The competition was sponsored by Innoviz, one of Aptiv’s technology partners, and Nvidia. Four participating teams looked for ways to use Innoviz’s InnovizTwo lidar system and correctly perceive 3D images in situations where the system had collected and annotated only a limited number of lidar frames. Hasecke and his professor Anton Kummert won first place for their innovative approach. Hasecke is a doctoral student at the University of Wuppertal in Germany in the field of artificial intelligence and computer vision, and was working under a grant provided by Aptiv at the time of the challenge.

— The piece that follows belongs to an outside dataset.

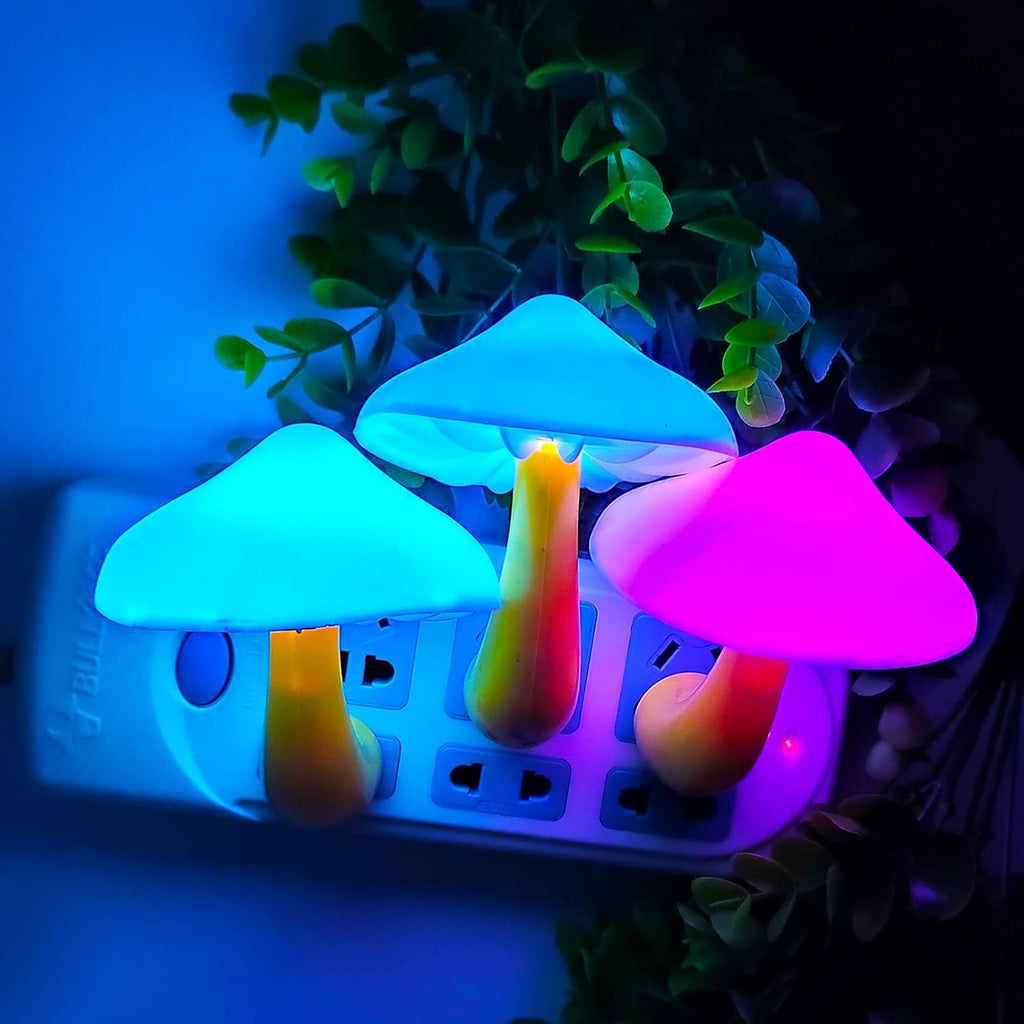 AUSAYE 5Pack Sensor LED Night Light Plug in Lamp 7 Color Changing Mushroom Light Cute Night Lights for Adults Kids NightLight Bedroom,Bathroom,Toilet,Hallway,Stairs,Kitchen,Basement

Participants were given a dataset with 1,200 lidar frames from several driving scenarios — but only 100 of those frames were annotated, meaning that objects had not been identified in the other 1,100 frames. In the annotated frames, the sponsors had identified only 790 cars, 30 pedestrians, eight bicycles, 17 motorcycles and 77 trucks, and teams had the task of training their systems to identify as many objects as they could in the unannotated frames.
The typical lidar frame in the set of 1,200 frames that were provided showed traffic scenes with the rough size and outline of objects picked up by the lidar. The lidar did not show the color of the objects. With only the three-dimensional point clouds, the teams could get a general sense of the shape of objects, but without much context or detail.
Given this limited dataset, Hasecke used techniques he has been working on while pursuing his Ph.D. He took scans of objects like cars, bicycles and trees both from the annotated frames supplied in the competition and from an outside 3D mesh source to match against objects in the frames that had not been annotated. By resizing, flipping and otherwise manipulating these imported objects, he and Kummert trained the underlying neural network to recognize more of the objects.
While radar and cameras are the primary external sensors for vehicles today, lidar is often combined with other data from test vehicles to establish ground truth. That is, a test vehicle can be equipped with a highly sensitive lidar to establish exactly what objects are around the test vehicle, their size, their distance and other factors. Perceptions from radars and cameras under development for production vehicles can then be compared to that ground truth to see how well they are performing. Radar will continue to provide fundamental sensing for all levels of driving automation, with lidar being added for Level 4 automation and autonomous mobility on demand.
The competition showed that lidar can be used to identify objects even with limited data, Hasecke says. That can lead to better object detection in self-driving cars sold to the public — and, ultimately, a safer automated driving experience.